Kommunale Wärmewende

Naturstrom baut Bayerns größte Solarthermieanlage

Naturstrom erweitert sein bislang größtes Nahwärmeprojekt im fränkischen Markt Erlbach und beliefert künftig über 130 Abnehmer mit nachhaltiger und vor Ort erzeugter Wärme: Haushalte, kommunale Gebäude und einen großen Gewerbebetrieb.

Das Heizhaus des ersten Bauabschnitts. Quelle: Naturstrom
Das Heizhaus des ersten Bauabschnitts. Quelle: Naturstrom

Auf 2.400 m2 entsteht Bayerns größte Solarthermieanlage.

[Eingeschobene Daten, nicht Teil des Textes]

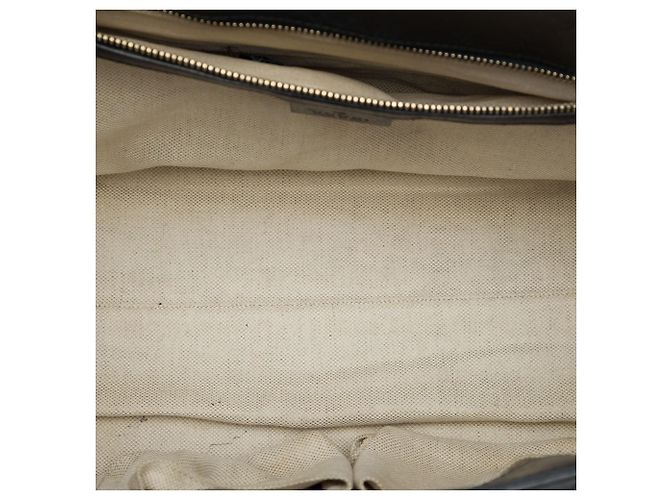 Borsa a tracolla Gucci Emily Large Guccissima Nera - vista 4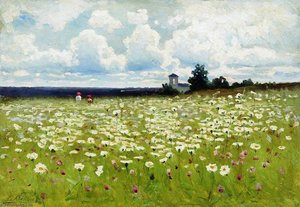 Field Of Daisies — Efim Efimovich Volkov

Im aktuellen zweiten Bauabschnitt schließt Naturstrom über 70 neue Wärmeabnehmer an, darunter als größten Kunden den Honigabfüller Breitsamer & Ulrich GmbH & Co. KG. Das Unternehmen stellt die Grundstücke für eine Energiezentrale und Bayerns größte Solarthermieanlage mit einer Fläche von 2.400 mzur Verfügung.
„Die aktuellen Turbulenzen auf den europäischen Energiemärkten zeigen, dass wir uns in Deutschland unbedingt unabhängiger machen müssen von Importen fossiler Brennstoffe“, so
Naturstrom-Vorstand Dr. Tim Meyer. „Mit der Wärmewende hin zu dezentralen Erneuerbaren Energien tun wir nicht nur dem Klima, sondern auch uns selbst und unserer Wirtschaft einen großen Gefallen. Die Nahwärmeversorgung in Markt Erlbach ist ein tolles Beispiel dafür, wie der Umstieg gelingen kann.“

Bereits seit 2019 versorgt das Unternehmen 40 Anschlussnehmer über eine Holzpellets-Heizzentrale mit ökologischer Wärme zu langfristig stabilen Preisen. Nach Fertigstellung des zweiten Bauabschnitts wird das Nahwärmenetz 6,4 km lang sein. Zu den Abnehmern der Wärme zählen neben zahlreichen Privathaushalten und der Firma Breitsamer auch kleinere Betriebe und kommunale Gebäude wie die Schule, das Hallenbad und eine Veranstaltungshalle. „Wir freuen uns, dass in Markt Erlbach so viele und so verschiedene Akteure Teil der örtlichen Wärmewende werden wollen“, so Meyer.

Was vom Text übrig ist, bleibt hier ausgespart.